阪神バースは「乗り遅れバス」と陰口…当初は低評価でもシーズンで大活躍した“助っ人列伝”
“安全パイ”と侮られたが
オープン戦で結果を出せず、期待外れと思いきや、いざシーズンが始まると、一転して“安打製造機”の本領を発揮したのが、88年に大洋入りしたジム・パチョレックだ。
「(カルロス)ポンセのあとの5番を打ち、右打ちもできる巧打者」という古葉竹識監督のリクエストを受け、牛込惟浩渉外担当が「ミートが巧く、性格も真面目」と推薦してきたのが、マイナー時代から広角打法を披露していたブルワーズのパチョレックだった。
だが、オープン戦は14試合で打率.231、3本塁打とイマイチ。5三振、6併殺打と肝心なときに打てず、相手チームから“安全パイ”と侮られた。ところが、シーズン開幕戦から4試合連続マルチ安打と確変し、“曲者”で知られる広島の捕手・達川光男をも「穴もなくなっているし、マークせんといかん」と慌てさせた。
パチョレック自身は「オープン戦は日本の投手に慣れることで、数字を残す期間ではない。

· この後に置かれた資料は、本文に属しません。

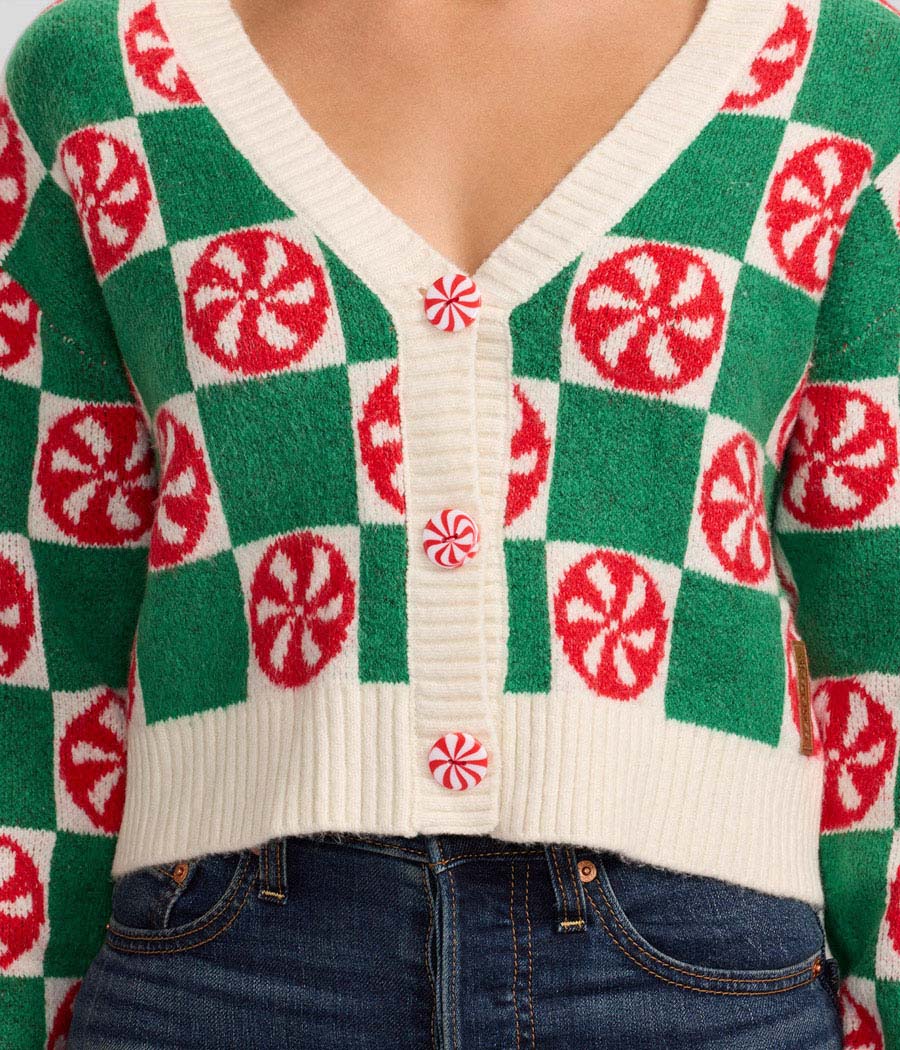 Womens Cropped Cardigan Sweater with Mint Green Checkered Pattern for Cool Weather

公式戦になって、気持ちの違いがヒットにつながっているのかもしれない」とクールに分析していたが、シーズンを通して好調を維持し、終わってみればリーグ最多の165安打を記録。打率も首位打者・正田耕三(広島)にわずか8厘差の.332と期待以上の成績を残した。
その後も翌年に首位打者を獲得するなど、阪神移籍後も含めて5年連続3割以上をマークした。オープン戦で打てないからと言って、「ダメ」の烙印を押すのは、まだ早いことがわかる。